_Captioned web images_.
——

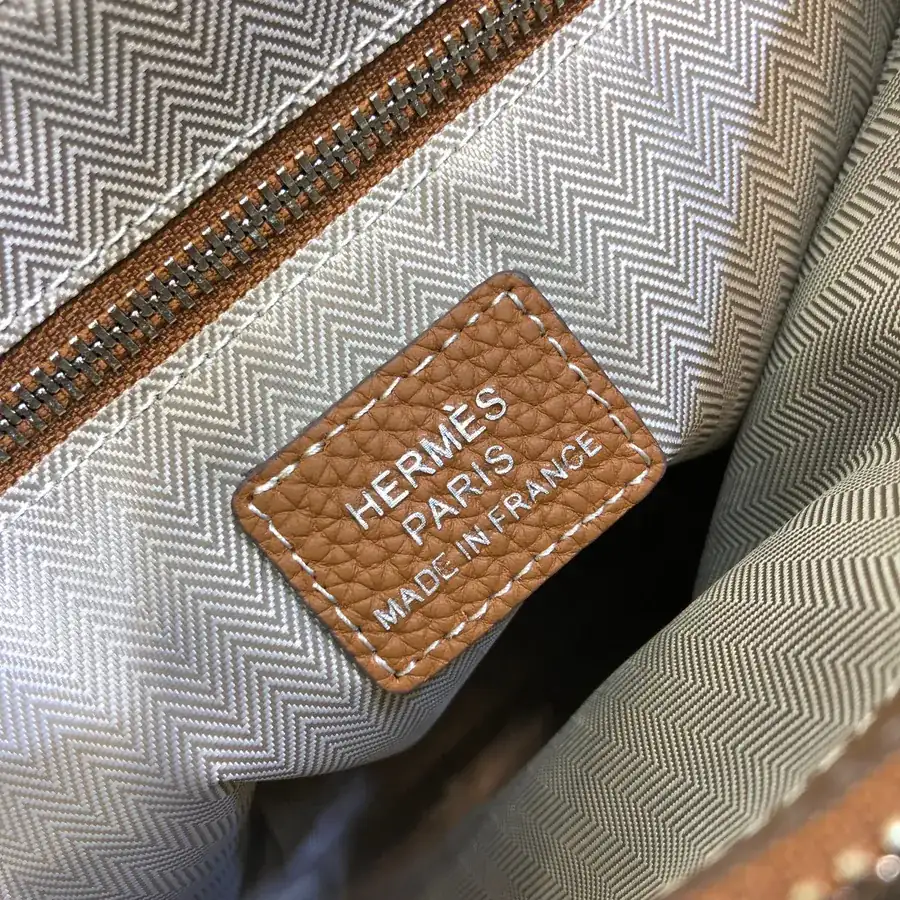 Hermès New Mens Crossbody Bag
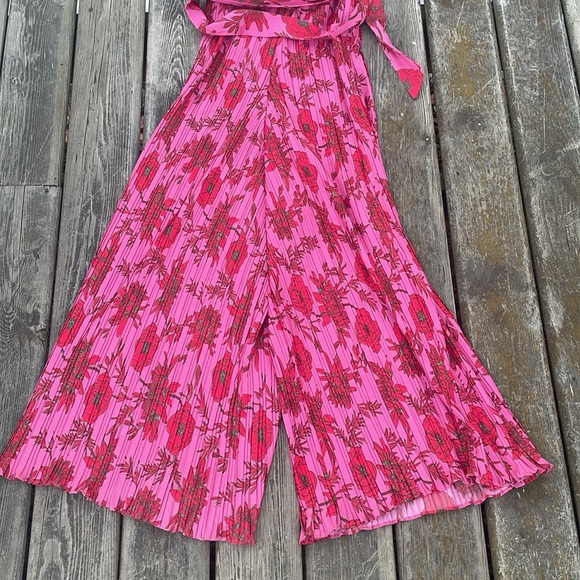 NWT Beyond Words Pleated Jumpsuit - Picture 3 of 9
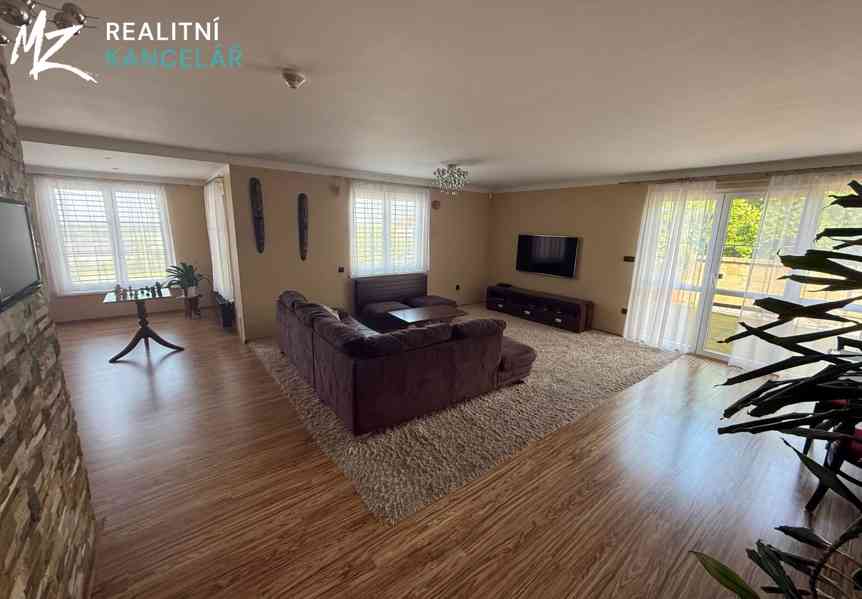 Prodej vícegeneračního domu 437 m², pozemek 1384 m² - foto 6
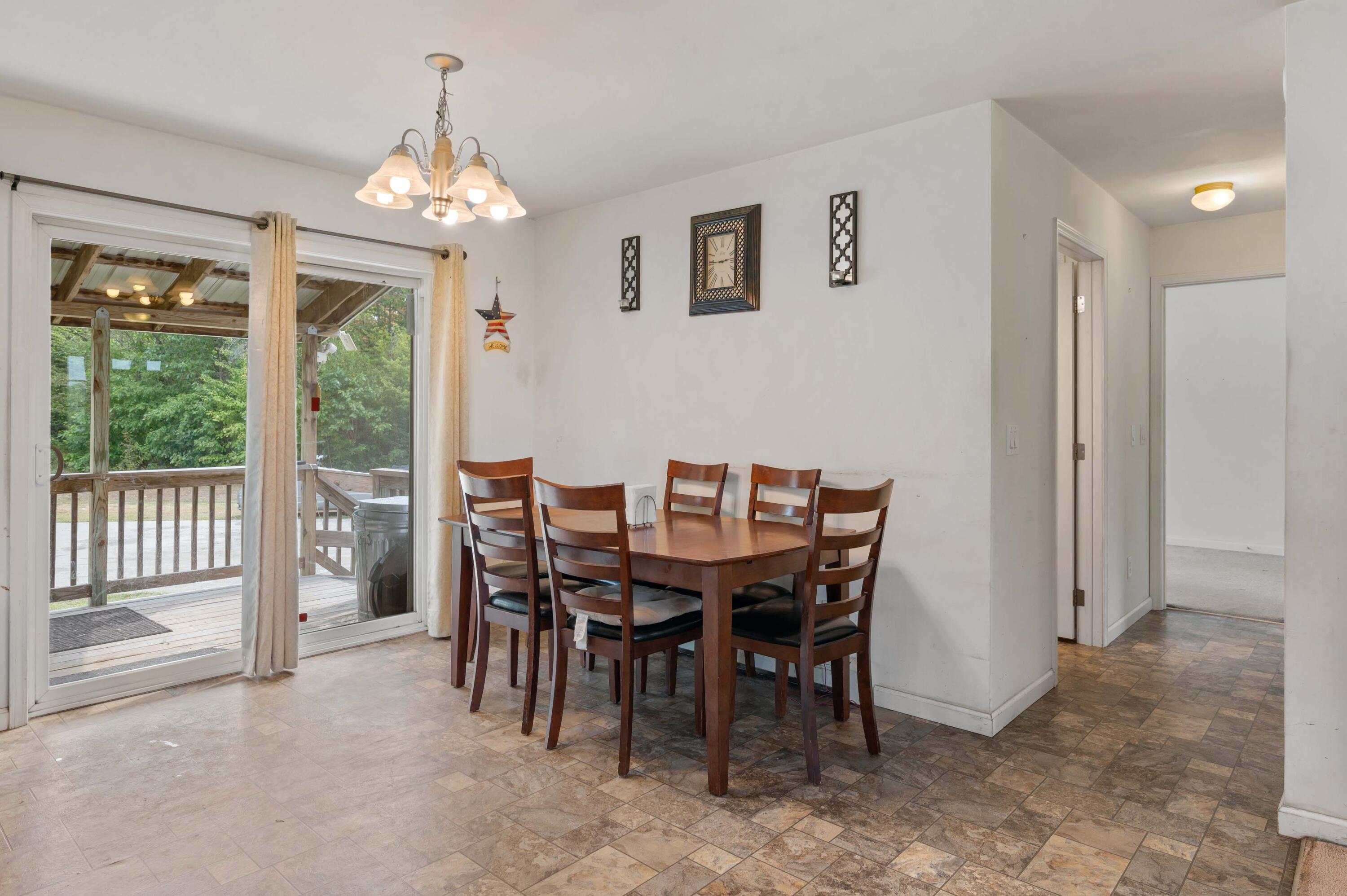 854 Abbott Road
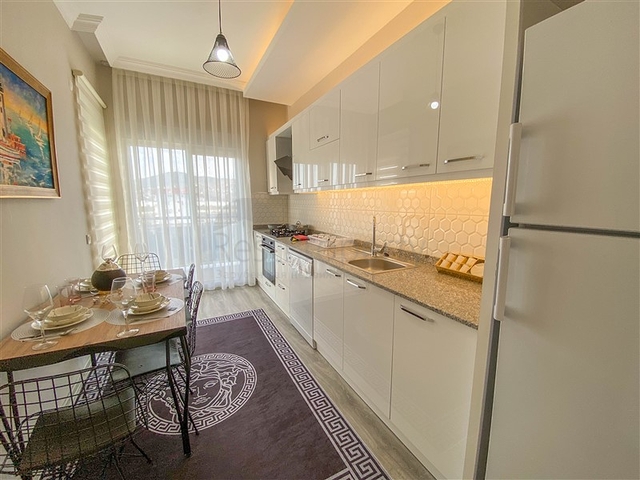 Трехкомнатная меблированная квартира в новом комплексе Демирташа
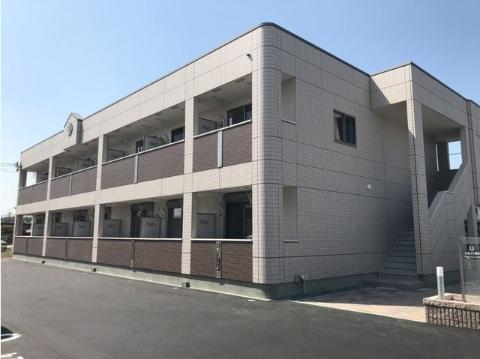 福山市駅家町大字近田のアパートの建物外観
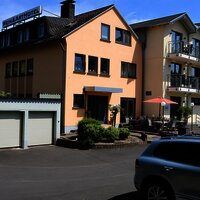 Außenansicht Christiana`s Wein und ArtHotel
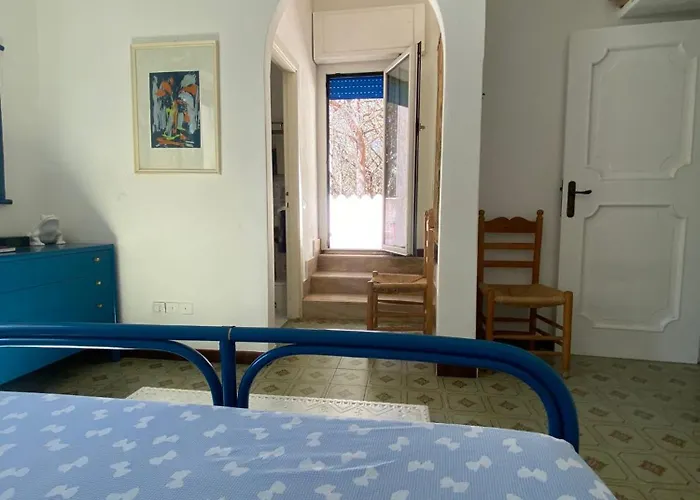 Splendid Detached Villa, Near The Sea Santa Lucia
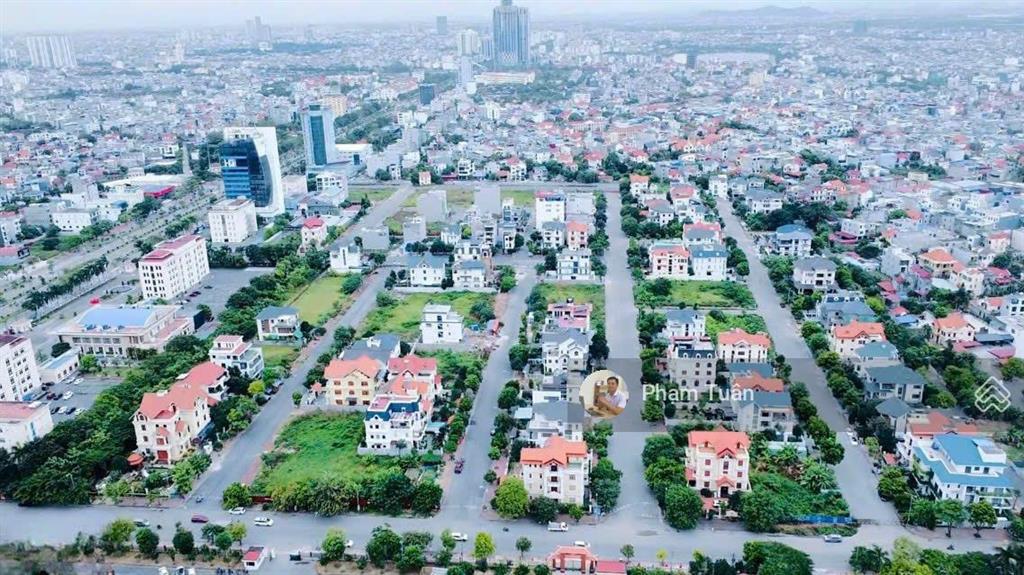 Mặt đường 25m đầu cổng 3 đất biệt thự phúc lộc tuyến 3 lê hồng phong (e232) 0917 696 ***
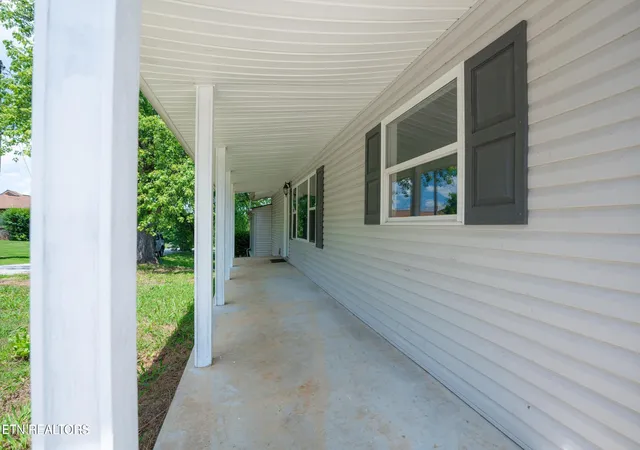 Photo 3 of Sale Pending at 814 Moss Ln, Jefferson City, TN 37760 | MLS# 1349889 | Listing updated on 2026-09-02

——

_Work instruction_.
From the first line to the last, repeat the records exactly, leaving out the pictures.

_Answer below_.
 Hermès New Mens Crossbody Bag
 NWT Beyond Words Pleated Jumpsuit - Picture 3 of 9
 Prodej vícegeneračního domu 437 m², pozemek 1384 m² - foto 6
 854 Abbott Road
 Трехкомнатная меблированная квартира в новом комплексе Демирташа
 福山市駅家町大字近田のアパートの建物外観
 Außenansicht Christiana`s Wein und ArtHotel
 Splendid Detached Villa, Near The Sea Santa Lucia
 Mặt đường 25m đầu cổng 3 đất biệt thự phúc lộc tuyến 3 lê hồng phong (e232) 0917 696 ***
 Photo 3 of Sale Pending at 814 Moss Ln, Jefferson City, TN 37760 | MLS# 1349889 | Listing updated on 2026-09-02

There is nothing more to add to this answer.